[Opening Provided records section]

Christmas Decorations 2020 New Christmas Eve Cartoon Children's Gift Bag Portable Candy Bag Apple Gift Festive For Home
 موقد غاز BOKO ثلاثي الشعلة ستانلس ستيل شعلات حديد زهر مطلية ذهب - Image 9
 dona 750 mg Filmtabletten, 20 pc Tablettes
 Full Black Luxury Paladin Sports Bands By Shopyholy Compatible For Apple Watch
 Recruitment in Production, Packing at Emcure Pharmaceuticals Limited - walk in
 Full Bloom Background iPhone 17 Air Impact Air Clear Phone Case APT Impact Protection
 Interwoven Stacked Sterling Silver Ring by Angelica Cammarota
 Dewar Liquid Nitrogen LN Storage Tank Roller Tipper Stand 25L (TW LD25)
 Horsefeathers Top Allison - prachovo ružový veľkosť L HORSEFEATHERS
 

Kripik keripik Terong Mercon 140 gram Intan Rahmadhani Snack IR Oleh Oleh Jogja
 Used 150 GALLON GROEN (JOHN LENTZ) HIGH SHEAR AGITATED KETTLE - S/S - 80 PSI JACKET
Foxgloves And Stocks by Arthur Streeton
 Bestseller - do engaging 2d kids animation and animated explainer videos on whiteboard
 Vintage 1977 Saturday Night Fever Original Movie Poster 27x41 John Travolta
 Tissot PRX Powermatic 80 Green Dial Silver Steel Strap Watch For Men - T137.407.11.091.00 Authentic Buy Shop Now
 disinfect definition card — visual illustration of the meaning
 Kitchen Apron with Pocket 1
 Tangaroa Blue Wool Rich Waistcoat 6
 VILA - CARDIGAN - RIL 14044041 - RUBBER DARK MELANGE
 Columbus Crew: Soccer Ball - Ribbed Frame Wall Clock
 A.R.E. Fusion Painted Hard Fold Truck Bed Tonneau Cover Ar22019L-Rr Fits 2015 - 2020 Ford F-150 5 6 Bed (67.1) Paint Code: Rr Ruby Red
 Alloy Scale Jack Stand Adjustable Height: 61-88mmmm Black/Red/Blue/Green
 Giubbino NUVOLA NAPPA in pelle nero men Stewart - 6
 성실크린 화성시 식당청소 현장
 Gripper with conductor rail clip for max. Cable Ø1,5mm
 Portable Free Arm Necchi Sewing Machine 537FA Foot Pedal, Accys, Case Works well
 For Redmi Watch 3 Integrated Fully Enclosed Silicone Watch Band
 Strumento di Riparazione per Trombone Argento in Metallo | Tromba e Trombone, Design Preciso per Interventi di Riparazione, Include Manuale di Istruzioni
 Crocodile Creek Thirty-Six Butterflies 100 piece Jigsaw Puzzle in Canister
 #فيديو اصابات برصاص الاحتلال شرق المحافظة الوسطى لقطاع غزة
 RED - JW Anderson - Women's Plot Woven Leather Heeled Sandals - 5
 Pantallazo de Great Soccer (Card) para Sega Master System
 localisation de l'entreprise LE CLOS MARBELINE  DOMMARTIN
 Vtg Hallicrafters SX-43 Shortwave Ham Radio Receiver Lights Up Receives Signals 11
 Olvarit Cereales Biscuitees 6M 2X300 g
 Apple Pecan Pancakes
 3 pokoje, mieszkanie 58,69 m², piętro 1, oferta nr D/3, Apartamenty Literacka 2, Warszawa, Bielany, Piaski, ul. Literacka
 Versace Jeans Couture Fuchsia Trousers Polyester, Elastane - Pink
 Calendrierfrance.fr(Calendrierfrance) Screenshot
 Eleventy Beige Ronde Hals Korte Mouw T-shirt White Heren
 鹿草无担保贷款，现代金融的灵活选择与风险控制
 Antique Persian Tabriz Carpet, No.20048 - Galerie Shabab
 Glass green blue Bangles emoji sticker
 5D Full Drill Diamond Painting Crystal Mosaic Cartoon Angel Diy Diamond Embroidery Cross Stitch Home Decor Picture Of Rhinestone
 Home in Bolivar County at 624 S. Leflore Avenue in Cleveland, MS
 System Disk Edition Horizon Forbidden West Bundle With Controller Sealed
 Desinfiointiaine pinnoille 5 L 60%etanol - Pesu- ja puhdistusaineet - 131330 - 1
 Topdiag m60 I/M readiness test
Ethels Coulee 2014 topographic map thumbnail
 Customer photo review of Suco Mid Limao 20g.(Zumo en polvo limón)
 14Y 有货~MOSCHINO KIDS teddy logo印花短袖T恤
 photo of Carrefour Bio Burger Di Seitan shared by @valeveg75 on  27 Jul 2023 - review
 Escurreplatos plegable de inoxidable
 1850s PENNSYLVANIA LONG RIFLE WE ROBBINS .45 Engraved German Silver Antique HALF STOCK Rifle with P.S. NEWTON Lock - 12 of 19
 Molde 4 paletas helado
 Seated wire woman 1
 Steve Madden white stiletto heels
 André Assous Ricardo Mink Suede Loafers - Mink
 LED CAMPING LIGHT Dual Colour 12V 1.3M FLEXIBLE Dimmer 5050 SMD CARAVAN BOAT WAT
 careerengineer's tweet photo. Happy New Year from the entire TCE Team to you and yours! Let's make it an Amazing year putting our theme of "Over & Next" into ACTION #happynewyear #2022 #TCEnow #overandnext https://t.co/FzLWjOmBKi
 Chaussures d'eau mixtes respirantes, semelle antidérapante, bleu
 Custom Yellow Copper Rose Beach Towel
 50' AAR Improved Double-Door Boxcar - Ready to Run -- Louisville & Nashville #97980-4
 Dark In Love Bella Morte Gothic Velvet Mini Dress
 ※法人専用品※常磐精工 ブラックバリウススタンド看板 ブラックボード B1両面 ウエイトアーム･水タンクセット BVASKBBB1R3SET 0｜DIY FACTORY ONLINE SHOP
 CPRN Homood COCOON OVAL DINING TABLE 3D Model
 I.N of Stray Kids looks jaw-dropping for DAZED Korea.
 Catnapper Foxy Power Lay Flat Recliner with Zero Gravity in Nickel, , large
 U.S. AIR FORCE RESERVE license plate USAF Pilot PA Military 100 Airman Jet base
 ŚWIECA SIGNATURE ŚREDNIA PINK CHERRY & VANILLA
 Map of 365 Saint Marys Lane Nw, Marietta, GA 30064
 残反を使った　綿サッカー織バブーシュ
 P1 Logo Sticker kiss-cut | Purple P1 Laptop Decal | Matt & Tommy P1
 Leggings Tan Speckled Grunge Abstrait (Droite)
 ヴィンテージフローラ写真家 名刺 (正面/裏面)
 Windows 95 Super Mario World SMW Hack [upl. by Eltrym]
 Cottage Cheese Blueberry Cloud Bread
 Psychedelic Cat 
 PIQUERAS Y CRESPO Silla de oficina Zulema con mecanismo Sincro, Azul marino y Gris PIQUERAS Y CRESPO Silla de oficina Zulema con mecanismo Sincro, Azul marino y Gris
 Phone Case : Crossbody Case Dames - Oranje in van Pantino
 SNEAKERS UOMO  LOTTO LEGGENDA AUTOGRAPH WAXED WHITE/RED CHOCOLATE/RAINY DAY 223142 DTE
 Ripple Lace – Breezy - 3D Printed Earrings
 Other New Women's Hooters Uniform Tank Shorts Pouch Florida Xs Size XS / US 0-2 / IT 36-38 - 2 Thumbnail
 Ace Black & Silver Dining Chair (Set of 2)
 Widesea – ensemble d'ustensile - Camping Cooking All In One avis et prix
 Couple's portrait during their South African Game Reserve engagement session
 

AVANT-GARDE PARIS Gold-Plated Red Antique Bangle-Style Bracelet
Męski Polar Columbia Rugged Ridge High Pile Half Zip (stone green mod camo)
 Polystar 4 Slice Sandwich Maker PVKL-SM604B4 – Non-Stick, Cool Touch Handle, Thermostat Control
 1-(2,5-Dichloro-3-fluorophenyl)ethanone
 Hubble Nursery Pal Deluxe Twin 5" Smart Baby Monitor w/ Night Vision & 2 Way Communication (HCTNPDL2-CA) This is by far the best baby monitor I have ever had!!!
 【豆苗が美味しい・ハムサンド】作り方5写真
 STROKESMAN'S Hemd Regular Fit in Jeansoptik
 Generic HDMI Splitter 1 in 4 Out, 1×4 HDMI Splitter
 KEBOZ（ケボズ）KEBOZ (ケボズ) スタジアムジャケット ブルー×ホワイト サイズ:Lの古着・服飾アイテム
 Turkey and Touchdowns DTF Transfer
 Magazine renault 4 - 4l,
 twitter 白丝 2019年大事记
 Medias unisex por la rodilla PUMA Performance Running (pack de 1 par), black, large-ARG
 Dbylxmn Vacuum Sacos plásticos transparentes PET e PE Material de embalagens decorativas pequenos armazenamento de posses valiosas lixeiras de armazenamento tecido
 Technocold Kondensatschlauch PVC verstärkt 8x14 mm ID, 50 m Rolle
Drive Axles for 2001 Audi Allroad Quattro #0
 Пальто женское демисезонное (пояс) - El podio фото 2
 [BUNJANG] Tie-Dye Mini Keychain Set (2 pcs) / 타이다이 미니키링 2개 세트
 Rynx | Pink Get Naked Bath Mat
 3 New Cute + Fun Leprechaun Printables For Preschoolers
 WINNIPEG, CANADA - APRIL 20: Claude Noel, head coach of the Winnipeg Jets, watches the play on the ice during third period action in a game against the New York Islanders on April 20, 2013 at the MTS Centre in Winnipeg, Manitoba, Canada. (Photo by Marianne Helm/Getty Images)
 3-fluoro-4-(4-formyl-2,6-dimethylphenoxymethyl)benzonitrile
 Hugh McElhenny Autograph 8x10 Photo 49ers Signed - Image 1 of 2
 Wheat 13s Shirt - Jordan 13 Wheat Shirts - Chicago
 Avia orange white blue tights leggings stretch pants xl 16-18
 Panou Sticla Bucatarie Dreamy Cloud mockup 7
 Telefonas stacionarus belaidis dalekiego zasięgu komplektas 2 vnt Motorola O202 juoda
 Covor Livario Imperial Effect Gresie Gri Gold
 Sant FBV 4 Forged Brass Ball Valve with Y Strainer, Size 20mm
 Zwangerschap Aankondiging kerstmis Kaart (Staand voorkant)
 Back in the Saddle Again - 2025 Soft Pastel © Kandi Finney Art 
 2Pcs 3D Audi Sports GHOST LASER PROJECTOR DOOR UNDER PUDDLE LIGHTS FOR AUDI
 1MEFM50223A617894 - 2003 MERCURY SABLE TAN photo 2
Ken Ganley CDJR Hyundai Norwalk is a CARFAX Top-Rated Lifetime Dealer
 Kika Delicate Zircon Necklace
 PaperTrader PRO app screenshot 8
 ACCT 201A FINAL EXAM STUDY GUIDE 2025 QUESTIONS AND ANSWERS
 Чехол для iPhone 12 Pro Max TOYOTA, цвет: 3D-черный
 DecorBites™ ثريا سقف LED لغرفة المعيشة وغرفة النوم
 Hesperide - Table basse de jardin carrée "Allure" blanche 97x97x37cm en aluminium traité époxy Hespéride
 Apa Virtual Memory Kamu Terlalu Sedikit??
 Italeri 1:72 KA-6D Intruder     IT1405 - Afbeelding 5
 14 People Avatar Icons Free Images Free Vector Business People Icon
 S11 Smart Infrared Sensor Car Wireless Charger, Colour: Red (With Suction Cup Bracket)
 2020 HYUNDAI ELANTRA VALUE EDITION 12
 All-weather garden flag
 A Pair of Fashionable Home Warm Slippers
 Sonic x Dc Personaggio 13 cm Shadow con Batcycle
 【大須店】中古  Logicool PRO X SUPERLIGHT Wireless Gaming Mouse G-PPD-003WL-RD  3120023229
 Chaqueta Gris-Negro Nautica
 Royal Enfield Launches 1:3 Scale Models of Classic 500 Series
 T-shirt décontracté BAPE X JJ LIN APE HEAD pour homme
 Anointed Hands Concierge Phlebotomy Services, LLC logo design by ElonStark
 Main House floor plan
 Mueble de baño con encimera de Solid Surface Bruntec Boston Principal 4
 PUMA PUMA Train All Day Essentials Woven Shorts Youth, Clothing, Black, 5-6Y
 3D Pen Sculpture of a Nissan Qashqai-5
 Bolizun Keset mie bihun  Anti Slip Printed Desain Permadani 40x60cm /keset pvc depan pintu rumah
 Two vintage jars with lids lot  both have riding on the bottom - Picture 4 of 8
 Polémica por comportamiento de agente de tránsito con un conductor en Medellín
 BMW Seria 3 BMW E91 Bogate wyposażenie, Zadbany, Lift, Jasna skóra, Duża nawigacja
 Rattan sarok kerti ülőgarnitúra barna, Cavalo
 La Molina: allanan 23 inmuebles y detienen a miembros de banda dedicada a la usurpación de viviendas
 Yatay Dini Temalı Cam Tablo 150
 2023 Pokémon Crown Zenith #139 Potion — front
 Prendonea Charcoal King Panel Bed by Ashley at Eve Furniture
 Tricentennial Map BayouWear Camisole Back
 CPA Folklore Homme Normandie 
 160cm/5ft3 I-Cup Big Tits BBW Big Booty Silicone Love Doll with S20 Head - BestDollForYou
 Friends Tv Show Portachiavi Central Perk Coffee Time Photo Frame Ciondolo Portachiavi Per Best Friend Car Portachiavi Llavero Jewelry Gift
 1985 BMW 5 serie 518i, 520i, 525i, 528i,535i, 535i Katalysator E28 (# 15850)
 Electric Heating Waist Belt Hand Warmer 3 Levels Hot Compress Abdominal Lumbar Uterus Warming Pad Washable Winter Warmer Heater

[Closing Provided records section]

Only one stretch of the records above is wanted: the lines between the one holding "System Disk Edition" and the one holding "Psychedelic Cat", inclusive, reproduced exactly.

 System Disk Edition Horizon Forbidden West Bundle With Controller Sealed
 Desinfiointiaine pinnoille 5 L 60%etanol - Pesu- ja puhdistusaineet - 131330 - 1
 Topdiag m60 I/M readiness test
Ethels Coulee 2014 topographic map thumbnail
 Customer photo review of Suco Mid Limao 20g.(Zumo en polvo limón)
 14Y 有货~MOSCHINO KIDS teddy logo印花短袖T恤
 photo of Carrefour Bio Burger Di Seitan shared by @valeveg75 on  27 Jul 2023 - review
 Escurreplatos plegable de inoxidable
 1850s PENNSYLVANIA LONG RIFLE WE ROBBINS .45 Engraved German Silver Antique HALF STOCK Rifle with P.S. NEWTON Lock - 12 of 19
 Molde 4 paletas helado
 Seated wire woman 1
 Steve Madden white stiletto heels
 André Assous Ricardo Mink Suede Loafers - Mink
 LED CAMPING LIGHT Dual Colour 12V 1.3M FLEXIBLE Dimmer 5050 SMD CARAVAN BOAT WAT
 careerengineer's tweet photo. Happy New Year from the entire TCE Team to you and yours! Let's make it an Amazing year putting our theme of "Over & Next" into ACTION #happynewyear #2022 #TCEnow #overandnext https://t.co/FzLWjOmBKi
 Chaussures d'eau mixtes respirantes, semelle antidérapante, bleu
 Custom Yellow Copper Rose Beach Towel
 50' AAR Improved Double-Door Boxcar - Ready to Run -- Louisville & Nashville #97980-4
 Dark In Love Bella Morte Gothic Velvet Mini Dress
 ※法人専用品※常磐精工 ブラックバリウススタンド看板 ブラックボード B1両面 ウエイトアーム･水タンクセット BVASKBBB1R3SET 0｜DIY FACTORY ONLINE SHOP
 CPRN Homood COCOON OVAL DINING TABLE 3D Model
 I.N of Stray Kids looks jaw-dropping for DAZED Korea.
 Catnapper Foxy Power Lay Flat Recliner with Zero Gravity in Nickel, , large
 U.S. AIR FORCE RESERVE license plate USAF Pilot PA Military 100 Airman Jet base
 ŚWIECA SIGNATURE ŚREDNIA PINK CHERRY & VANILLA
 Map of 365 Saint Marys Lane Nw, Marietta, GA 30064
 残反を使った　綿サッカー織バブーシュ
 P1 Logo Sticker kiss-cut | Purple P1 Laptop Decal | Matt & Tommy P1
 Leggings Tan Speckled Grunge Abstrait (Droite)
 ヴィンテージフローラ写真家 名刺 (正面/裏面)
 Windows 95 Super Mario World SMW Hack [upl. by Eltrym]
 Cottage Cheese Blueberry Cloud Bread
 Psychedelic Cat 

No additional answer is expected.